Sipralexa
-Cuéntame, Martina, ¿por qué has
venido a verme?
-He perdido a un hijo hace muy poco. Desde entonces, me
encuentro mal. No puedo comer ni dormir, no dejo de llorar, y creo que me estoy
hundiendo en una depresión.
Ella está sentada en una butaca de cuero
negro. Sus brazos caen inertes sobre su regazo como ramas frágiles y secas. Su
voz es tenue y lechosa.
-Por lo que dice tu médico, Martina, tu embarazo
era un embarazo psicológico. Lo que en psiquiatría conocemos como embarazo
utópico o pseudociesis ¿Eres consciente de que nunca has perdido a un hijo?
El médico la mira fijamente y se detiene en la inexpresividad de sus
ojos, en la delgadez huesuda de sus manos y de sus pómulos. Piensa que,
posiblemente, tenga anemia. Sus labios no tienen color.
-Durante siete
meses sentí cómo crecía en mí. Pensé en él, preparé su habitación, le hablé.
-Martina, tú nunca concebiste un hijo. Nunca te quedaste embarazada,
ninguno de tus óvulos fue fecundado. ¿Entiendes la diferencia?
-¡Pero yo
sentí cómo se movía! ¡Mis pechos goteaban leche, y no tuve el periodo¡
-Las emociones ocultas pueden manifestarse con síntomas orgánicos. Tu
deseo obsesivo de ser madre provocó los síntomas gestacionales. La amenorrea o,
como tú dices, la falta de periodo se debe a la disminución de dos hormonas: la
hormona LH y la FSH.
Martina se pregunta cómo serán las relaciones
personales de los psiquiatras. Cómo sería conocer el nombre y las causas de
todos los pensamientos extraños, de todas las rarezas, de todos los monstruos
que anidan en nosotros. No habría personas, sólo trastornos, enfermedades,
fobias. No habría personalidades sino indicios o síntomas. ¿Podrán enamorarse de
forma irracional?
La primera impresión de Martina es que su médico es un
hombre frío y calculador. Posiblemente, perfeccionista e intolerante. Martina
cree eso de casi todos los hombres de mediana edad con trabajos relevantes.

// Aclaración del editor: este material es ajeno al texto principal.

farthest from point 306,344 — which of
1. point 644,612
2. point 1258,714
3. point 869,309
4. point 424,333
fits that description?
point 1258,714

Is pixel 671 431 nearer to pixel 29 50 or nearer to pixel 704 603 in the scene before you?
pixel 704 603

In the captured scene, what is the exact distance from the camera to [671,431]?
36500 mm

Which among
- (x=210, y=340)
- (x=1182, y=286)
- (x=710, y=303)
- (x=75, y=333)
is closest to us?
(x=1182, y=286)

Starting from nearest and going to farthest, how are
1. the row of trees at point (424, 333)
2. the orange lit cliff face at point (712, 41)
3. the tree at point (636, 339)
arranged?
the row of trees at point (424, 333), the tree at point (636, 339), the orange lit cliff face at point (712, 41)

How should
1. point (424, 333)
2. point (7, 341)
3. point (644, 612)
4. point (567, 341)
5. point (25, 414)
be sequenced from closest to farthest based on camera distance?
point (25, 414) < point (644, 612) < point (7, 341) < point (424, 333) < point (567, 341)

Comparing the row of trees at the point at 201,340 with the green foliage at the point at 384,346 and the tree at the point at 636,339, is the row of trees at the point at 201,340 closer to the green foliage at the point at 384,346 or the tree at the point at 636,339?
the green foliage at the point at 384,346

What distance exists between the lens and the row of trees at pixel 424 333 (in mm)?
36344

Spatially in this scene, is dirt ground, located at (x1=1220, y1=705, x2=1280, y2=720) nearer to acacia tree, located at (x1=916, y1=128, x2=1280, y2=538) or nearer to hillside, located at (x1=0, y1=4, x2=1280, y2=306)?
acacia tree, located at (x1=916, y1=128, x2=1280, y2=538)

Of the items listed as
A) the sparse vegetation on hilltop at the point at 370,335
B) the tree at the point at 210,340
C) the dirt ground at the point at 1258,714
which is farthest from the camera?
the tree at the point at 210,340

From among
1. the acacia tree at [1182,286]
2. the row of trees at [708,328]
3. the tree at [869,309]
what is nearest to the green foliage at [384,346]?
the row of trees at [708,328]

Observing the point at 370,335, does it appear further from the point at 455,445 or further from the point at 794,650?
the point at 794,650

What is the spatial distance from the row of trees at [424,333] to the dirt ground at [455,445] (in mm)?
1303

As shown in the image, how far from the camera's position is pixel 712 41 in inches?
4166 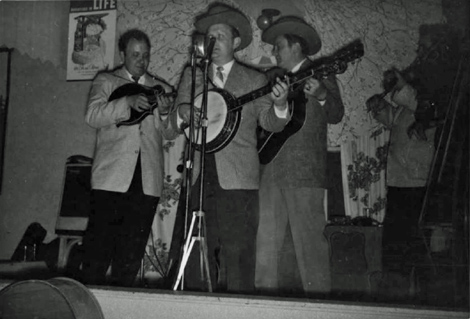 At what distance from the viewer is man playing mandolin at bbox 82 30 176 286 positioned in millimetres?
3178

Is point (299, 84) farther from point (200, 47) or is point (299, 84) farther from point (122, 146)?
point (122, 146)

Quizá un marido controlador y un padre tirano. Martina confía en la intuición y
en las primeras impresiones. Todo lo demás son comportamientos aprendidos.
Adiestramiento social, abalorios y disfraces. A la intuición no se la engaña. Es
un detector de esencias. Nadie puede ocultarse ni diluirse en una primera
impresión. Nuestra personalidad enmarca la mirada, tatúa las arrugas, decreta
los gestos. Todo es nítido en una primera impresión.
-Da lo mismo si
hubo o no hubo bebé –responde finalmente-, mi dolor y mi vacío es el mismo. Es
real. He venido porque soy incapaz de tomar las riendas de mi vida. He perdido
el interés por hacer cosas y no puedo permitirme el lujo de matarme.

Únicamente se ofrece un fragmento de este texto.